A ‘three-ply’ Passover

By Rabbi Max Weiman

A “three-ply” cord is not easily broken. 

Historians have often asked, “Why are the Jews still here keeping Judaism? What makes them eternal?” Judaism has three traditions woven together that make for a fierce combination. This is one of the reasons for our immortality.

Tradition #1  We call them Tanach and Talmud. Historian Paul Johnson says, “The Jews were above all historians…developed the power to write terse and dramatic historical narrative half a millennium before the Greeks….achieved a degree of perception and portraiture which even the best Greek and Roman historians couldn’t manage.” We have an historical record of the Jewish society filled with dates, facts, and people going back to ancient times. The modern Jewish periodicals Hamodia and Mishpacha magazine (that make a mess in my living room each week) often carry vignettes of European communities or the history of a unique Jewish community in Latin America.  Why? Because this is in our kishkas. We Israelites still document what is happening to us wherever we are. And we always have. Or as Johnson put it, “They were the first to create consequential, substantial and interpretative history.” We don’t just record our past for posterity; we analyze it to learn lessons from it – to be better people and maybe to avoid a Cossack smashing through the door. 

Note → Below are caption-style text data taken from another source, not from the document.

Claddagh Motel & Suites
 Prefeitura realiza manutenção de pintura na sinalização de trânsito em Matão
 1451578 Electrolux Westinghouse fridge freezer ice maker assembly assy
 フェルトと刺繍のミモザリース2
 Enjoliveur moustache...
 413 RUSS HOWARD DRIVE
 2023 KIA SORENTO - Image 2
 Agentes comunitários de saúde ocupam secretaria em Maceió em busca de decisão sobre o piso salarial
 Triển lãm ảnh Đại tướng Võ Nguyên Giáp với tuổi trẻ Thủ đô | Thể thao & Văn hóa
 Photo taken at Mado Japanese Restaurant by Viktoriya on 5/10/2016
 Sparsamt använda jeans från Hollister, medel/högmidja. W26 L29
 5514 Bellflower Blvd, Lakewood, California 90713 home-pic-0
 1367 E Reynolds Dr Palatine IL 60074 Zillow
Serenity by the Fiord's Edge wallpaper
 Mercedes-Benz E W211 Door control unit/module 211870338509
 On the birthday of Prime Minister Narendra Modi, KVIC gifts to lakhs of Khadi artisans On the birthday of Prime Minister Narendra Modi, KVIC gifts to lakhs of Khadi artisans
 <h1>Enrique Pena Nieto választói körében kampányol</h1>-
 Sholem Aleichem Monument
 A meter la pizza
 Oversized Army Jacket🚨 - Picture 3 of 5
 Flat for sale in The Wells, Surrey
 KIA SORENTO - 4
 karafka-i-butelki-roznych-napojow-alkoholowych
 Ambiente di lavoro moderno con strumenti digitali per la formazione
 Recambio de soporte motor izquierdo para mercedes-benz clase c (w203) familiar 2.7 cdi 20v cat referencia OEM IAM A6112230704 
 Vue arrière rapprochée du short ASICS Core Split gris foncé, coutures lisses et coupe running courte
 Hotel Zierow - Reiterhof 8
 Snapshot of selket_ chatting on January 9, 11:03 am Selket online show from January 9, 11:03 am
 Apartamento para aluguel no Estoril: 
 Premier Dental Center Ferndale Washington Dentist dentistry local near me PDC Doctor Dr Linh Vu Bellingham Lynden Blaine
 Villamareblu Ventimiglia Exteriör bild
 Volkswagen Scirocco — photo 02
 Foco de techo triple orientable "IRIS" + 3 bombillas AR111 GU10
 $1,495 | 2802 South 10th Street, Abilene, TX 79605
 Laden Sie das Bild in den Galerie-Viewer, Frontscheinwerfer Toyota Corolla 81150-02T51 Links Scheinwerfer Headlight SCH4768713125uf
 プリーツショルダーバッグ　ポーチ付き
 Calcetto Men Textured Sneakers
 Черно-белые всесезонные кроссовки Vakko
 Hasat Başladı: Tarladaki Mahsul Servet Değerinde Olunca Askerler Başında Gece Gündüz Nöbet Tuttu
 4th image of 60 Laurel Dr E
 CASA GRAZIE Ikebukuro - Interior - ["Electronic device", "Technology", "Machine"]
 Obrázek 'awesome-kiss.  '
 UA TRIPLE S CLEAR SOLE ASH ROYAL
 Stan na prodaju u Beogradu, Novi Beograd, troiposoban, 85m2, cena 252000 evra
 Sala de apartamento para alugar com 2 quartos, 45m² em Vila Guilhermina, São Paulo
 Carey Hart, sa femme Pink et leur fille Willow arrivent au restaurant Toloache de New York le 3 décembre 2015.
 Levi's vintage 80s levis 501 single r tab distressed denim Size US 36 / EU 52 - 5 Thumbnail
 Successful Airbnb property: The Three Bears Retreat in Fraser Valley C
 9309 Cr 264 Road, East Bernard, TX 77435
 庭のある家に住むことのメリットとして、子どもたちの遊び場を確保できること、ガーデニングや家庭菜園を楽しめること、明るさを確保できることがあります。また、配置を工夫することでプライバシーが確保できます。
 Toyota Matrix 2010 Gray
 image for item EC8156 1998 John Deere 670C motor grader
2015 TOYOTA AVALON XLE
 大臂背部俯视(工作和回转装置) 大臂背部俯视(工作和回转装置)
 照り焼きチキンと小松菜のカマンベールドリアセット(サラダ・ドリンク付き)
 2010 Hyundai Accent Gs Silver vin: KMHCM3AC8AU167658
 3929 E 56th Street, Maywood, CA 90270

Despite the fact that the Torah’s main goal is to be a spiritual guide book – its historical content is adscititious, yet it also contains a chronicle of Jewish society through to the Second Temple, and then the Talmud takes over recording 60 volumes of ethics that also contains a wealth of details, dates, people, what we wore, ate, talked about for five hundred years. The goal is become holy, but by the way, the Babylonian Jews 1700 years ago commonly ate salty sour cream with moldy bread.

As a member of this society, you can personally trace your cultural lineage back thousands of years.

Tradition #2  Love humanity. Be kind to animals. Don’t ruin the environment. The wisdom of the Torah can be traced back as having been given in written form, and explained orally from student to teacher, student to teacher in an unbroken chain from you through your teacher all the way back to Moshe. Every generation had one holy sage to transmit the tradition. The first person was Moshe, then Joshua in 1300 BCE, and each subsequent leader who was recognized as the leading sage at the time, like King David (900 BCE), Ezra (400 BCE), Hillel (40 CE), Rav (150 CE) and Rav Ashi (400CE) for example. Sometimes the top wise man was also king and/or a navi, but they always functioned as head of the Sanhedrin, and were called Av Beis Din.

A number of sages recorded this list of leaders like Maimonides (1100 CE) and Meiri (1300 CE).

Many times this tradition, called the mesora, was depleted. We lost a level of understanding when we no longer had prophecy. (350 BCE) We lost some of the tradition when we left Israel and were scattered throughout the globe. (70 CE) But the sages were pretty sharp guys, and with foresight canonized writings and codified teachings in a way that made the wisdom easily remembered, ensuring a unified religious practice all over the world and in every subsequent generation. Now we aren’t completely unified as a people. We can’t even agree on how to spell Chanukah, Hannukah,.. whatever. We no longer have one particular sage in charge of continuing this mesora, but we do still have leading sages that can trace their mesora back to a time when we did.

One day the smart phone in your hand will be considered ancient and archaic. That’s technology; it keeps improving. But spirituality is the same as it always was. If you’re not happy, it doesn’t matter how fancy your computer is. If you don’t love your spouse, what difference does it make what your IPhone can do?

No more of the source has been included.